Saanich won’t put brakes on Haro Woods cyclists

Minutes show Saanich staff want to allow “recreational and family cycling” in popular recreation area

Minutes show Saanich staff want to allow “recreational and family cycling” in a popular recreation area but continue to wrestle with key details, as the cycling community would be “grateful” to use a portion of the area.

These details emerge from the minutes of the April 26 meeting of Saanich’s parks, trails and recreation advisory committee. While limited, this record nonetheless offers instructive insights into the issues of allowing bicycles in Haro Woods.

Located off Arbutus Road in the Cadboro Bay neighbourhood, the park has become a destination for walkers, joggers and cyclists, drawing users from inside and outside of Saanich. But this popularity has also caused environmental damage, while sparking conflict among groups of users, and the future of park remains uncertain after Saanich staff delayed the release of a management plan to solicit more input over the question of allowing cycling in the park. A petition launched last month has asked Saanich to enforce its current prohibition against cycling in the area, an option that staff that does not favour.

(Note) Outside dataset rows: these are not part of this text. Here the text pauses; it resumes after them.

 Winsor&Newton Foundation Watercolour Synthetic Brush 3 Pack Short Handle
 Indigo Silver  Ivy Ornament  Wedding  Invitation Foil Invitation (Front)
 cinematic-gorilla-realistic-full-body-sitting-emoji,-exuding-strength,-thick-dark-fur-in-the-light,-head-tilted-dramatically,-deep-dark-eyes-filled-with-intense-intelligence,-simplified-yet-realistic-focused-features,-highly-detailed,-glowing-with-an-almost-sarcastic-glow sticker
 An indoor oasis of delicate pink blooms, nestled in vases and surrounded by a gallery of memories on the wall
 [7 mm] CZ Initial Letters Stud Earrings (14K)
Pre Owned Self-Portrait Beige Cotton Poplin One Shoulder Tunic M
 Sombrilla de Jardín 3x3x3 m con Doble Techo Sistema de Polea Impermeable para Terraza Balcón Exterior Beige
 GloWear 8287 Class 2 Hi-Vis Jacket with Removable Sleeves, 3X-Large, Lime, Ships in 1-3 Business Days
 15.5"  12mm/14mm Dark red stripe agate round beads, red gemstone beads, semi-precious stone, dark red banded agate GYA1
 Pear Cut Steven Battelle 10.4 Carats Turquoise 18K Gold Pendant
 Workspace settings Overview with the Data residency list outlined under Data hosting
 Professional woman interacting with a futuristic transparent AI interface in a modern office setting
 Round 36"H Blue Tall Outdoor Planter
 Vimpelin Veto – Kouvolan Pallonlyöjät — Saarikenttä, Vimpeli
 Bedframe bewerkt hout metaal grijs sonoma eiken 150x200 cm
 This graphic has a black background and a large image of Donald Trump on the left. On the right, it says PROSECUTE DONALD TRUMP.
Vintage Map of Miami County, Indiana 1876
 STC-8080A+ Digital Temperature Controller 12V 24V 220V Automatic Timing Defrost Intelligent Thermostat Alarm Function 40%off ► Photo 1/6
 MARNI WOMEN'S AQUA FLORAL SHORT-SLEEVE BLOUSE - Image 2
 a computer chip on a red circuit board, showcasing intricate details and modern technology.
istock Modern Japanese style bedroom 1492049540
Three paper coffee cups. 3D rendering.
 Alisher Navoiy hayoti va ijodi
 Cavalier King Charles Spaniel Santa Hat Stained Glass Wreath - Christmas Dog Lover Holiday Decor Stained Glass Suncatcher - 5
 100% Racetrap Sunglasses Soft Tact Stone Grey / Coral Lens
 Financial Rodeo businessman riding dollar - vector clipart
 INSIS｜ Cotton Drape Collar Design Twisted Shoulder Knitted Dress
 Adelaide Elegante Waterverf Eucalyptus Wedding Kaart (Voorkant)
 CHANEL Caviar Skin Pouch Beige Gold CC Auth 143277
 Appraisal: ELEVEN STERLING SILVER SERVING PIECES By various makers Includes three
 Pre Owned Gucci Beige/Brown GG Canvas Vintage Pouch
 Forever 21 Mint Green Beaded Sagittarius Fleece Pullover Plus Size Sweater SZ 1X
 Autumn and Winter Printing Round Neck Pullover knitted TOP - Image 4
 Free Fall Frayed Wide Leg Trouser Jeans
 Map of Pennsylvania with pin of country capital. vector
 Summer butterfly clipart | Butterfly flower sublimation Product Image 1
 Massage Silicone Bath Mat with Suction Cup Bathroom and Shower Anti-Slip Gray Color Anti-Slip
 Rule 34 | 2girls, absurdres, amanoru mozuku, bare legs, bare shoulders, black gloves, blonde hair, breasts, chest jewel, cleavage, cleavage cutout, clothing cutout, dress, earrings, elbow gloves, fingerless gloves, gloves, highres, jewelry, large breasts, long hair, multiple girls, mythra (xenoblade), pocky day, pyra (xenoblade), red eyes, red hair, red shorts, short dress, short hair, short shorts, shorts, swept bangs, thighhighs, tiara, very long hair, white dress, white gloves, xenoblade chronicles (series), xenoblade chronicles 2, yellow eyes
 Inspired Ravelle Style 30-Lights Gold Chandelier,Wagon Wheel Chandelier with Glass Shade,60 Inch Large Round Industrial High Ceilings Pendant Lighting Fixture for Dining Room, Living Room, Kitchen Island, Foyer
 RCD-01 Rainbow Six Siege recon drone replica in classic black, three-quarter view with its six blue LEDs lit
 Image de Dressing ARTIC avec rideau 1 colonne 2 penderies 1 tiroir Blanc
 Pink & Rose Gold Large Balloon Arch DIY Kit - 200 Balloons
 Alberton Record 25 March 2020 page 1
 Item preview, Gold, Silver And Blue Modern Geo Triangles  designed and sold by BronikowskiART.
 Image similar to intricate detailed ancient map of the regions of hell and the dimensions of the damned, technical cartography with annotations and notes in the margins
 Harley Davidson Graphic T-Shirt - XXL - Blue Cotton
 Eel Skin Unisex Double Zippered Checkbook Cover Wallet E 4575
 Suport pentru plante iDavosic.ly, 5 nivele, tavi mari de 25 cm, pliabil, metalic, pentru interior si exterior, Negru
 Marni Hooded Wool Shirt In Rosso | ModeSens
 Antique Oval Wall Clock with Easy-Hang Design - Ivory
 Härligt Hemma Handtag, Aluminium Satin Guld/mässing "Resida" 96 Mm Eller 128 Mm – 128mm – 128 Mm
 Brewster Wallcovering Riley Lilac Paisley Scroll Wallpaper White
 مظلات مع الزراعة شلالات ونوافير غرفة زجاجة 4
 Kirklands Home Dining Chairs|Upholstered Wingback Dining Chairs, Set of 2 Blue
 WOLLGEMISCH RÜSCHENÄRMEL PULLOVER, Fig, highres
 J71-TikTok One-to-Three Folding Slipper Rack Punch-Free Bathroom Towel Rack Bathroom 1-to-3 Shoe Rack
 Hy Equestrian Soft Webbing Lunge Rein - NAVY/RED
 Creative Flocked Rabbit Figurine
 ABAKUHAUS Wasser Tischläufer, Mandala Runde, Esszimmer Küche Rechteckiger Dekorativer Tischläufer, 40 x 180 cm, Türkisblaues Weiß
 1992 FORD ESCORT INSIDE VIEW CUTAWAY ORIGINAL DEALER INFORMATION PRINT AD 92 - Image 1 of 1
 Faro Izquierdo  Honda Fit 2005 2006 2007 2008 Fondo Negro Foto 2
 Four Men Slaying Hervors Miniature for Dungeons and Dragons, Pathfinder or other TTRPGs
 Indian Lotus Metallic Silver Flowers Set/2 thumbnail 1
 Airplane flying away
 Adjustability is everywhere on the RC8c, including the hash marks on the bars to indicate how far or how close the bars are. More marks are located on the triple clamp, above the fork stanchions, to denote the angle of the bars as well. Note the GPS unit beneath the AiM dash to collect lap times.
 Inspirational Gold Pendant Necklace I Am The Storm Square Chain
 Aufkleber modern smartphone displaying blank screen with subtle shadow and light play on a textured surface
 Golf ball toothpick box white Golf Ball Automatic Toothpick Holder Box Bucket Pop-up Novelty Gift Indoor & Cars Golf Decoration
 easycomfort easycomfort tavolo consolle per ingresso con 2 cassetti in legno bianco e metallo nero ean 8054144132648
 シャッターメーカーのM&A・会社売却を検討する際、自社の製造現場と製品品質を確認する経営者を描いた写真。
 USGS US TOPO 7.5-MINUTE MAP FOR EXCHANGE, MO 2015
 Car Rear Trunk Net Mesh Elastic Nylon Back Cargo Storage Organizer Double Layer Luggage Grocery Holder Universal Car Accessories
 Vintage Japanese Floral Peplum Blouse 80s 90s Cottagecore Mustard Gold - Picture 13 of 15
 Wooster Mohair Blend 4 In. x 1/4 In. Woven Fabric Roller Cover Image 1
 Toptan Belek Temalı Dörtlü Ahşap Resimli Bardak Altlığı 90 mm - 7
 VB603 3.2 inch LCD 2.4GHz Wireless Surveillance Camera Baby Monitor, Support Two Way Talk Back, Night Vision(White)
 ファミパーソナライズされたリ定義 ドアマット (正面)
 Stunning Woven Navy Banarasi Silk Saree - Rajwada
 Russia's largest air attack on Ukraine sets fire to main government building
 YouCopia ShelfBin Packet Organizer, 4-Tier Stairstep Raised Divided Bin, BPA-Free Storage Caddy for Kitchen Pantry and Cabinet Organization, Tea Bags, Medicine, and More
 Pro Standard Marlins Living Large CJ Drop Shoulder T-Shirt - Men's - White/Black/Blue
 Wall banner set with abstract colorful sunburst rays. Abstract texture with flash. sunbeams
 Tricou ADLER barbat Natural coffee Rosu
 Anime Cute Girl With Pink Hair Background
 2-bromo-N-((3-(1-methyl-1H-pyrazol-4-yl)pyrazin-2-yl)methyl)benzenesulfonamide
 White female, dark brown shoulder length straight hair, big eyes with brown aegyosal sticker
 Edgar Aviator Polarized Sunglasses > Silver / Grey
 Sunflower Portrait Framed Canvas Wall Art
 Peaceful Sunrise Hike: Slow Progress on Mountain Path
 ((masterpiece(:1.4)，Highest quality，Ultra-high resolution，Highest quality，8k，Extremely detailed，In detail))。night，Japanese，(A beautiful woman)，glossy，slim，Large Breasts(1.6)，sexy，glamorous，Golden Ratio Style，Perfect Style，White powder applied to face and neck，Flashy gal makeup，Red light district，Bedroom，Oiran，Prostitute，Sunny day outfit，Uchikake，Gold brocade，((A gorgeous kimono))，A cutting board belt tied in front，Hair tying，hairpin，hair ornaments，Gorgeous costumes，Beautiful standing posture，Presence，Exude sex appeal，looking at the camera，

“Staff do not wish to prohibit recreational and family cycling in the park,” it reads in the minutes with the comments attributed to Gary Darrah, manager of parking planning. The minutes acknowledge that cycling violates existing zoning for Haro Woods, but also point out that “[riding] has been going on in the park for many years.”

Cycling, in other words, has become a de facto activity in the area, and Saanich appears reluctant to enforce existing prohibitions against it, a point that appears elsewhere in the minutes. “Enforcement is an issue as there are only [two] dedicated [bylaw] officers in Saanich,” it reads. This said, language that distinguishes between different categories of cycling leaves open the possibility that Saanich could introduce some regulatory regime.

One possibility could see Saanich reserve areas of the park for downhill riding and dirt jumping. Saanich could also ban cycling in Haro Woods, but create an alternative location for cyclists in the area, an option that staff appears to have rejected for “there is nothing suitable in the immediate vicinity of Haro Woods” according to the minutes.

The minutes also offer insights, albeit filtered, into the thinking of local cyclists who use the park, a group, whose members have so far remained silent, at least publicly.

According to the minutes, Saanich met with unidentified “representatives from the cycling community” in mid-March. Cyclists using Haro Woods represent a “diverse group” of individuals from “young and older adults,” who “care about pedestrians and the environment.”

According to the minutes, the “cycling community would be grateful if allowed to use specific areas.”

Saanich staff have said it could take months until the current round of public input has wrapped against the backdrop of growing opposition to cycling in Haro Woods. Saanich staff have also faced accusations of rigging the process in favour of cycling, charges Saanich has denied.

The question of allowing bicycles in Haro Woods has also resonated beyond the immediate neighbourhood. According to the minutes, Mount Douglas and Madrona Farm have witnessed a “[noticeable] increase in cycling.” The committee also heard from attending members of the public that biking “is impacting the use of the area by local daycares.”

The Saanich News has reached out to Saanich staff and will update story as comments become available.